Appoint an intermediary

Only a short amount of time elapsed between the event itself and you seeking to re-enter the house to give an apology. Being slapped by the person who is supposed to protect you and raising a knife can take a lot longer than this to recover from. To expect her to open the door to you this early on is not entirely irrational. However, I understand that it means that you are unable to re-enter your own home at present and this is difficult for you, especially when you are ready to offer an apology.

After a short while longer, you could consider writing a letter and posting it into the house. This way you can let her know your feelings and offer an apology. She will then be aware of how you are feeling and you will have the chance to release your own emotions too. Writing a letter will allow you to communicate these things without actually being in direct contact. This might be particularly useful in these early days where she is reluctant to see you in person.

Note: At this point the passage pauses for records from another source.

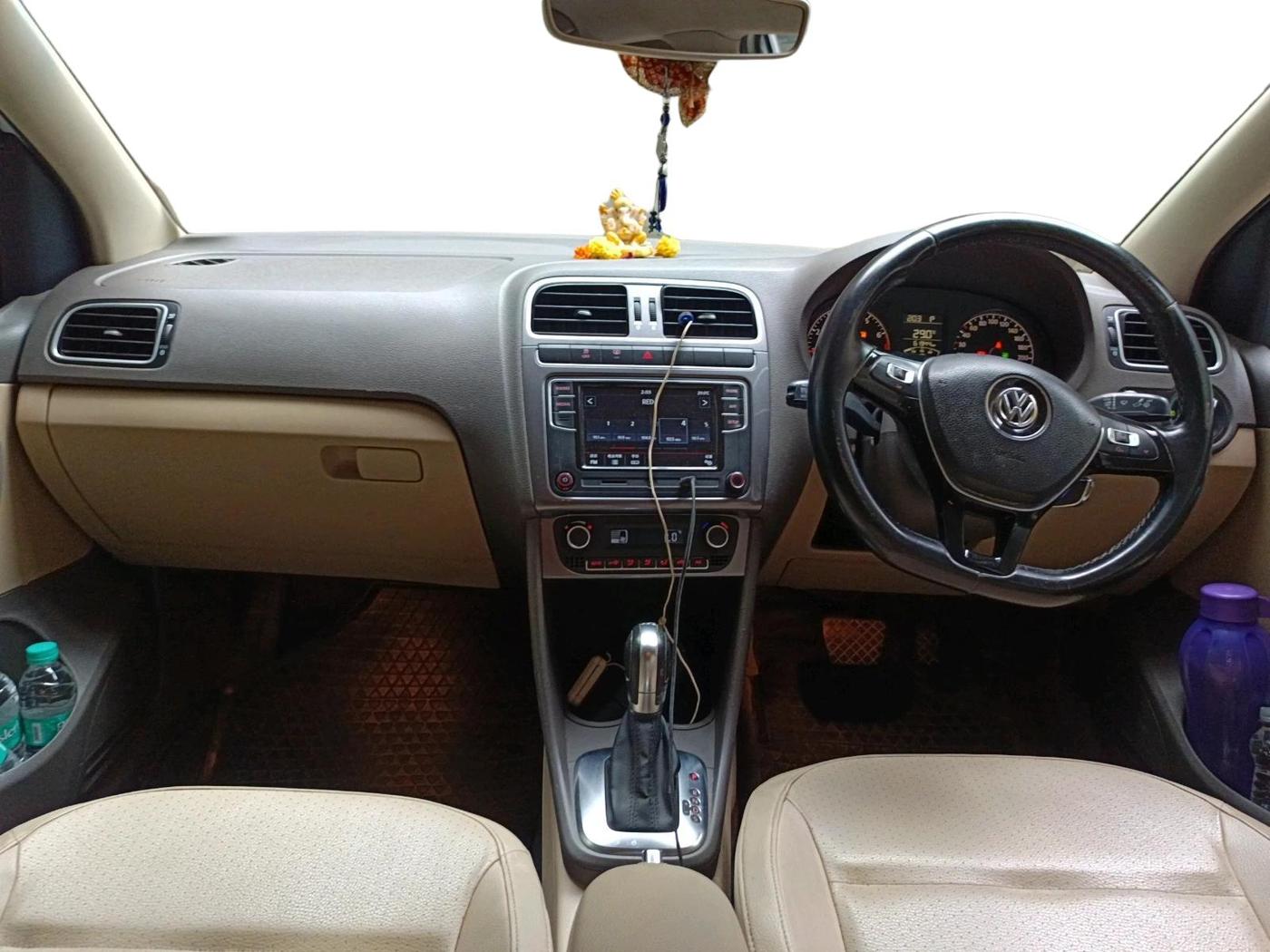 2019 Volkswagen Vento HIGHLINE PETROL AT, Petrol, Automatic, 61,944 km, interior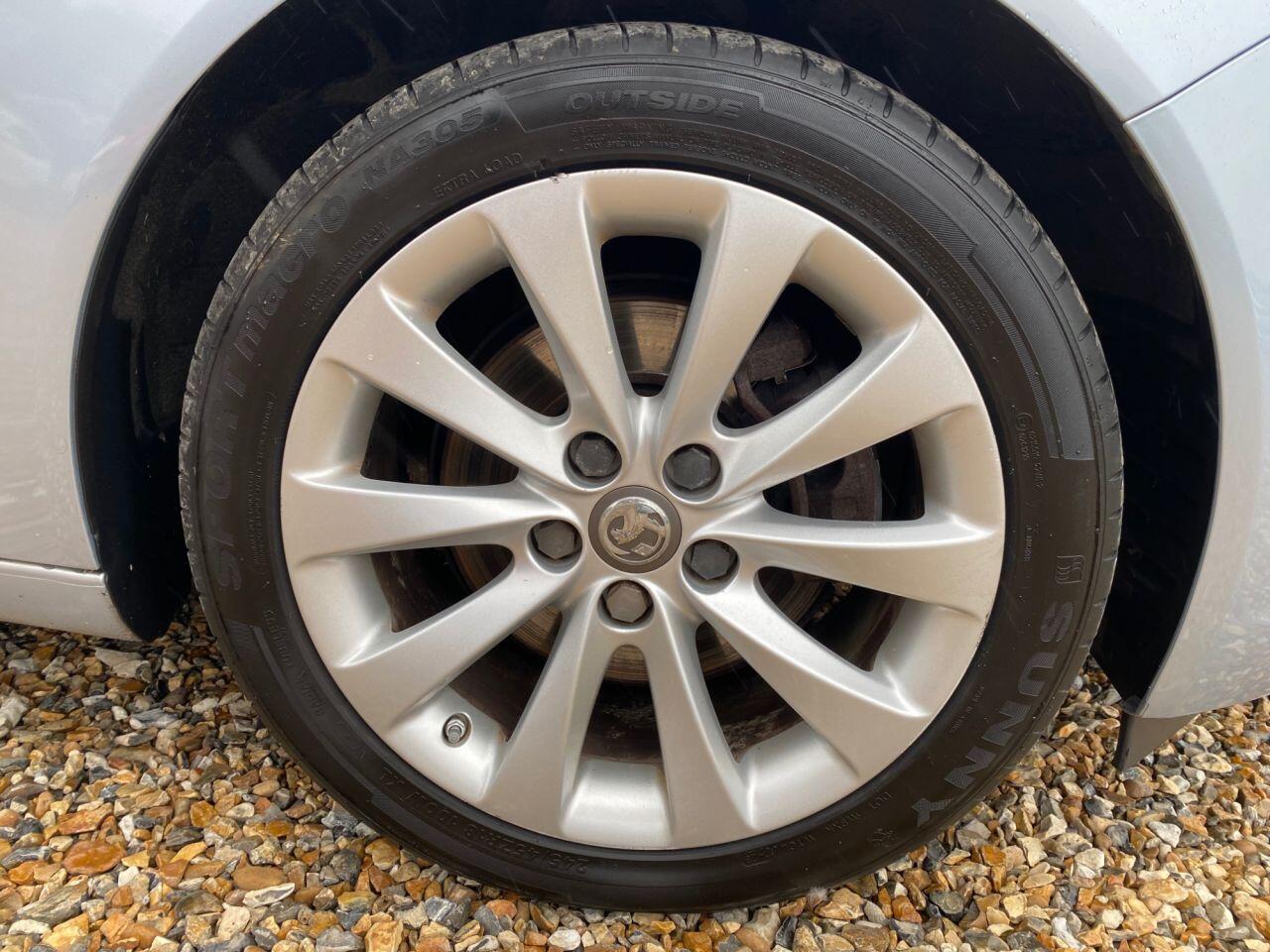Vauxhall Insignia view 30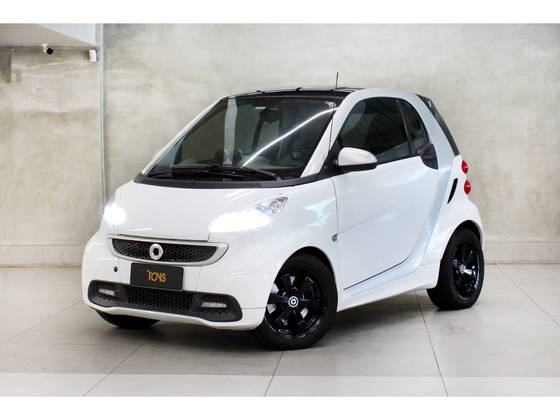 SMART FORTWO 1.0 COUPE 3 CILINDROS TURBO GASOLINA 2P AUTOMÁTICO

If after having given her sufficient time, she still refuses to see you, you could propose that a third party enter the house with you so that you can talk with an impartial party present. Most importantly, she can feel safe that you will not behave in the same way again during this meeting.

Learn to manage your anger

It seems that your actions were born out of built-up anger for the whole scenario of her moaning about you talking to your sister as well as the added pressure of having her sister and baby living in your house. This has had unfortunate consequences on your family relations. Fortunately, Islam offers many solutions to managing anger which you can utilize in the future should you begin to feel this way again.

“Advise me! “The Prophet said, “Do not become angry and furious.” The man asked (the same) again and again, and the Prophet said in each case, “Do not become angry and furious.” (Sahih al-Bukhari)

“The strong man is not the good wrestler; but the strong man is he who controls himself when he is angry.” Agreed upon.” (Bulugh al-mahram, Book 16, Hadith 1524)

“Sulaiman bin Surad (May Allah be pleased with him) reported: I was sitting with the Prophet when two men began to quarrel and curse each other and the face of one of them turned red and the veins of his neck were swollen (from rage). Messenger of Allah (SAW) said, “I know of a word, if he were to utter that, his rage would vanish and that is: A’udhu billahi minash-Shaitan nir-rajim (I seek refuge with Allah from Satan, the accursed).” So they (Companions) said to him: “The Prophet tells you to utter: ‘I seek refuge with Allah from Satan, the accursed.” (Al-Bukhari and Muslim)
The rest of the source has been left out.